*What needs to be done:* Using the data below, return word for word every line from the one holding "Penti Pretty Micro 40 Kids Tights in White" down to the one holding "MLS Image for". Leave pictures out.

*Given records:*
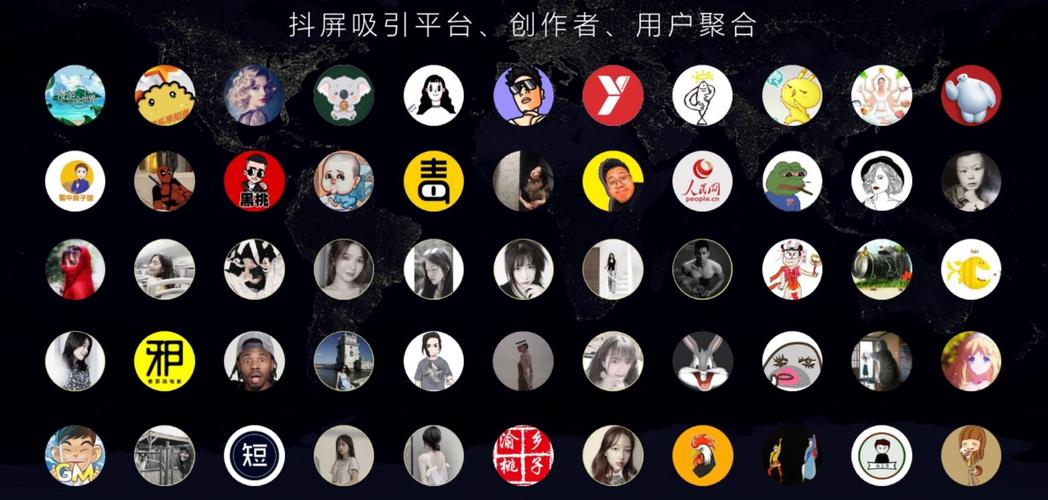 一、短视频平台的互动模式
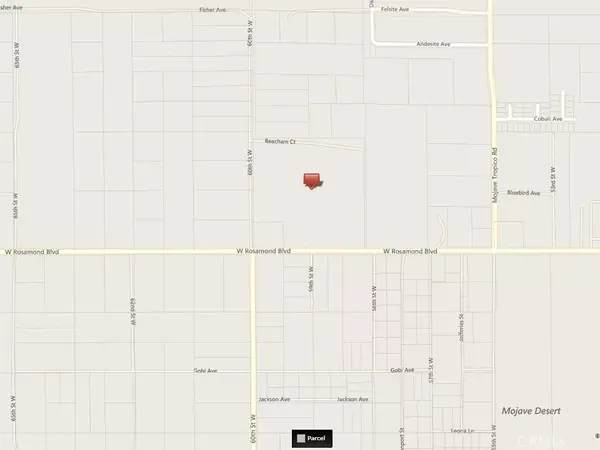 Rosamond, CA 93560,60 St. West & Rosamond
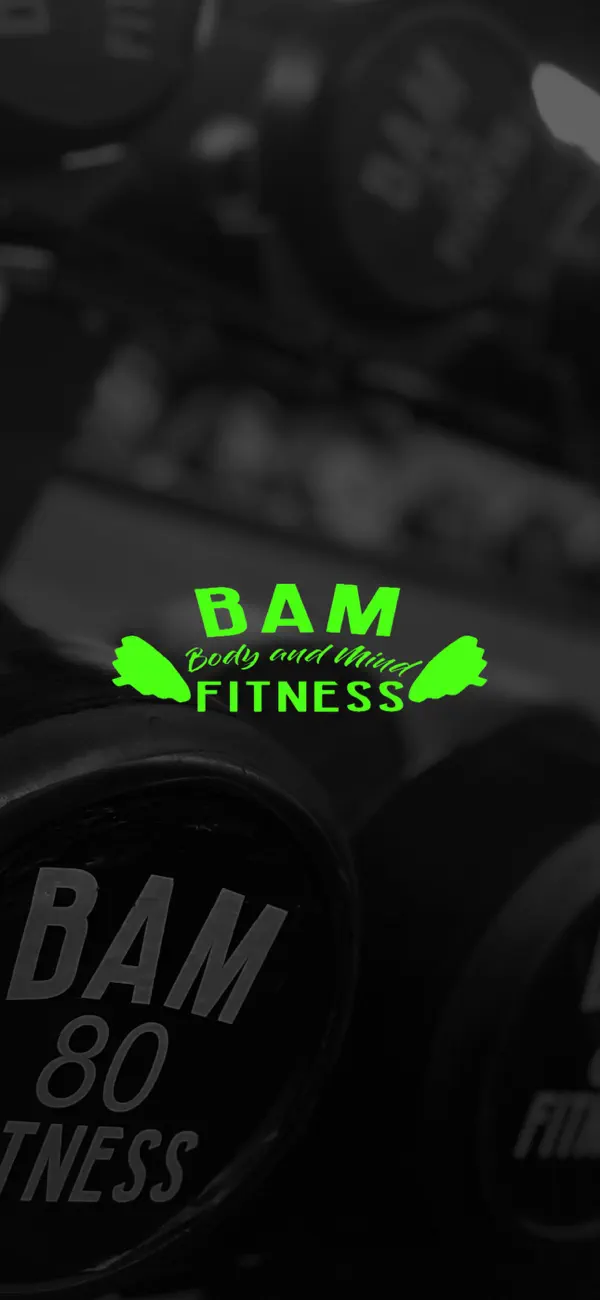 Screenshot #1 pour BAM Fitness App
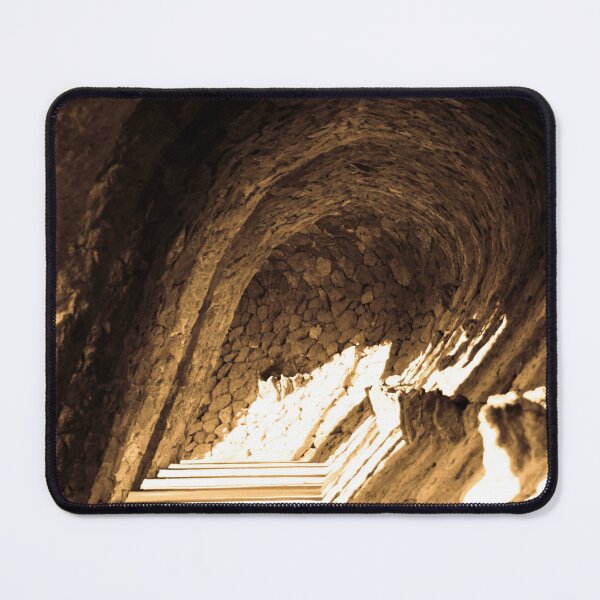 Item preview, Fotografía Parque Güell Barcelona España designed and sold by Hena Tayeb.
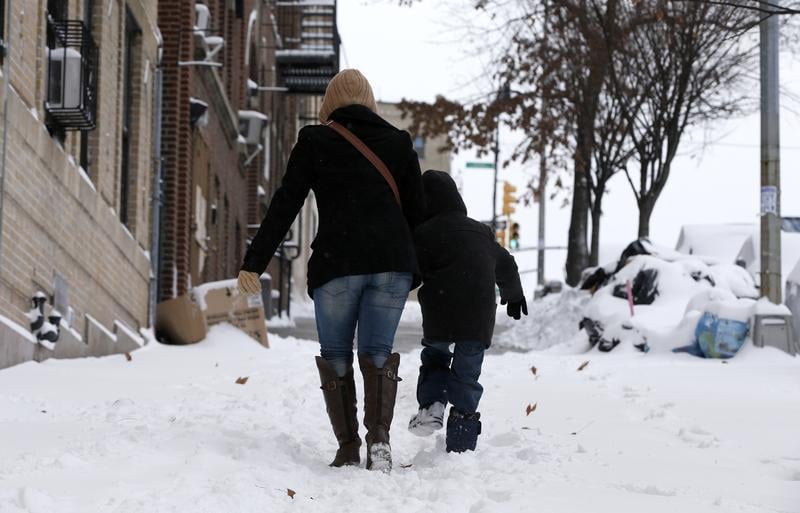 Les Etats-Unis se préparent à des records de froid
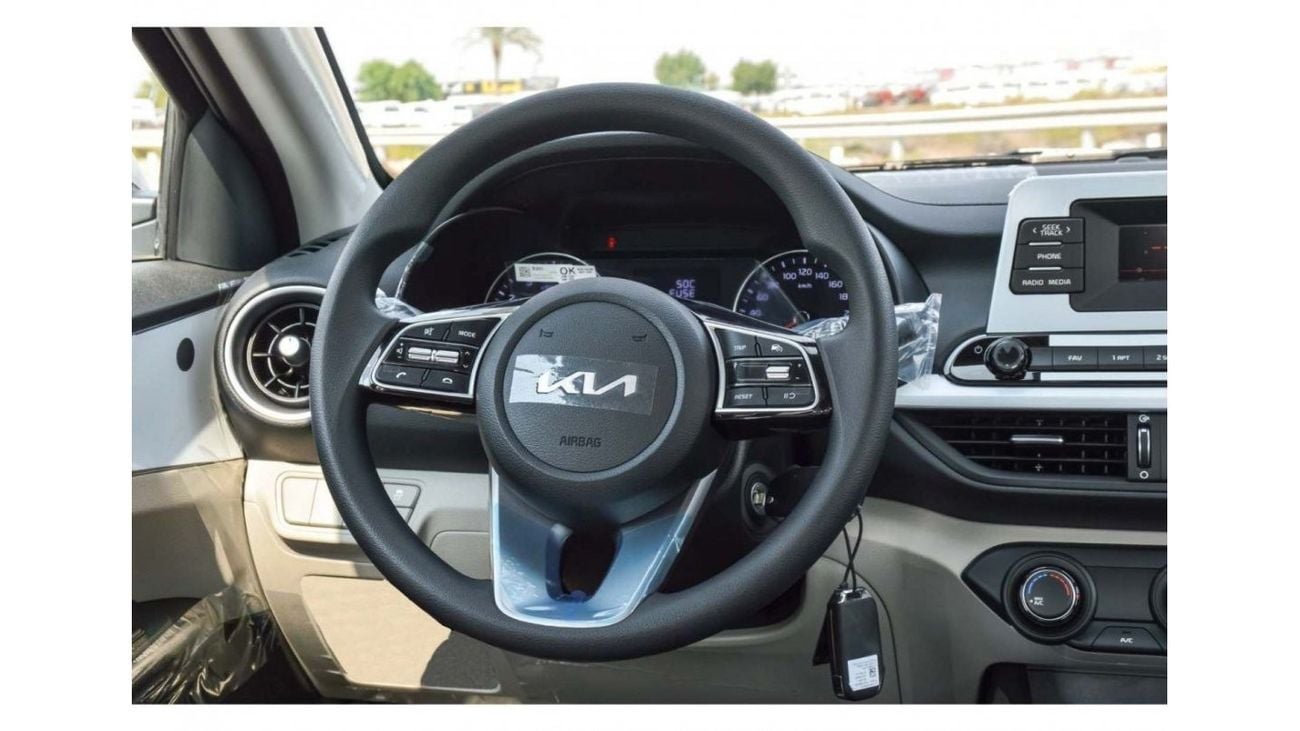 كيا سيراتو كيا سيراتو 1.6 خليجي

---

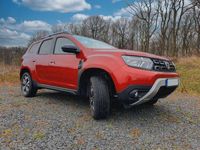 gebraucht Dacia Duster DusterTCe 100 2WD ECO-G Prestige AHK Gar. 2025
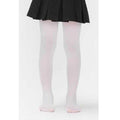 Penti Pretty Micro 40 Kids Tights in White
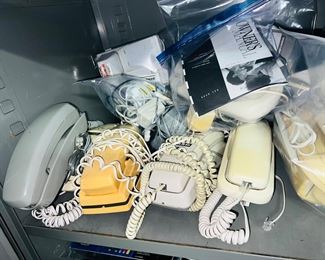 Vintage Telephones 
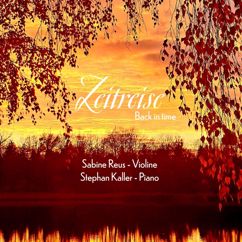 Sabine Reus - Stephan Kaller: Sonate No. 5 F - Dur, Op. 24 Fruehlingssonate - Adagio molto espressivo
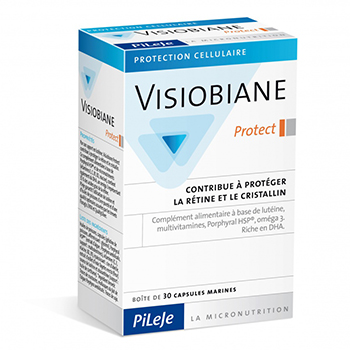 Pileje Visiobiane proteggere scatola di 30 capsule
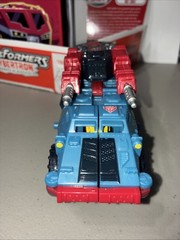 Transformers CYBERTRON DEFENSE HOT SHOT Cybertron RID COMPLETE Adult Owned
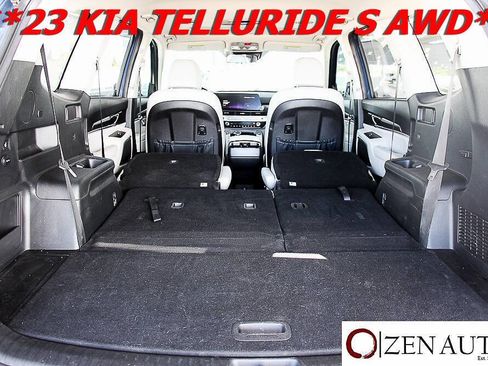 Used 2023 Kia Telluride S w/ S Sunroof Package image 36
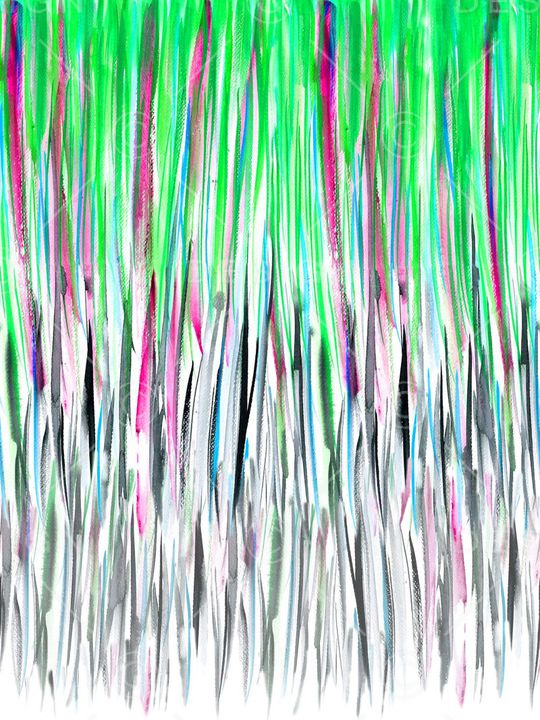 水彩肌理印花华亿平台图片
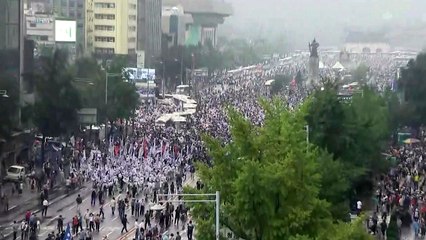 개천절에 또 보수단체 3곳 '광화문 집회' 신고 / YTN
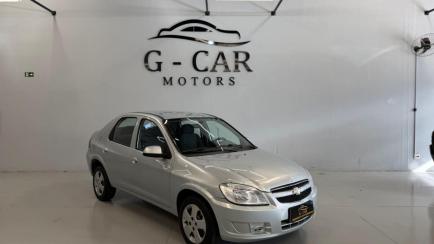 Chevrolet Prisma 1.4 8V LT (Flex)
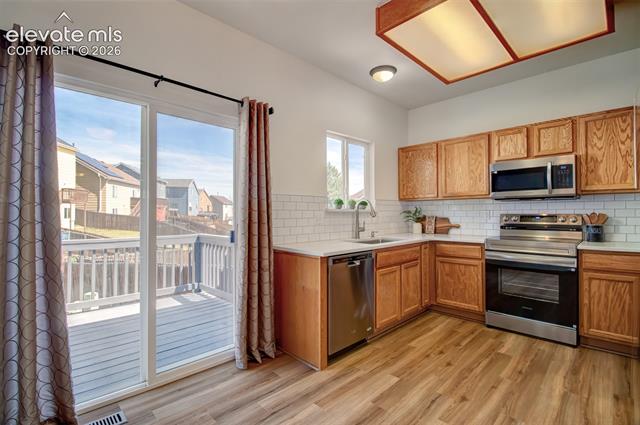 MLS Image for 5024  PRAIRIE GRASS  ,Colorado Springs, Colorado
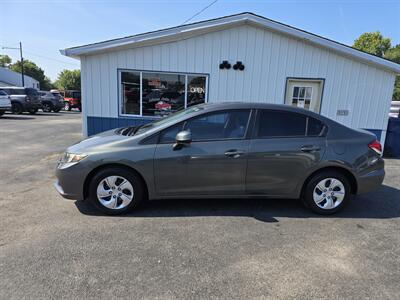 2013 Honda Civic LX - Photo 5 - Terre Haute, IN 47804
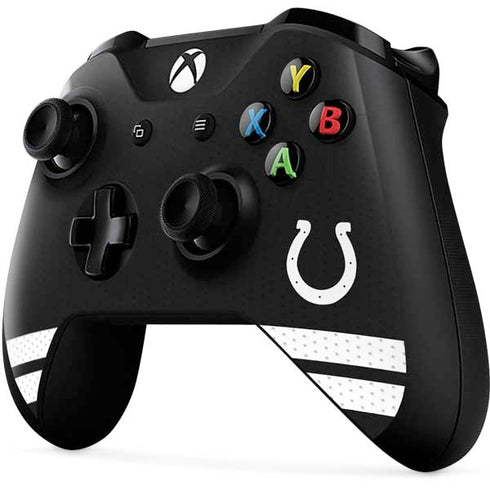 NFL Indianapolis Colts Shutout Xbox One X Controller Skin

*Response:*
 Penti Pretty Micro 40 Kids Tights in White
 Vintage Telephones 
 Sabine Reus - Stephan Kaller: Sonate No. 5 F - Dur, Op. 24 Fruehlingssonate - Adagio molto espressivo
 Pileje Visiobiane proteggere scatola di 30 capsule
 Transformers CYBERTRON DEFENSE HOT SHOT Cybertron RID COMPLETE Adult Owned
 Used 2023 Kia Telluride S w/ S Sunroof Package image 36
 水彩肌理印花华亿平台图片
 개천절에 또 보수단체 3곳 '광화문 집회' 신고 / YTN
 Chevrolet Prisma 1.4 8V LT (Flex)
 MLS Image for 5024  PRAIRIE GRASS  ,Colorado Springs, Colorado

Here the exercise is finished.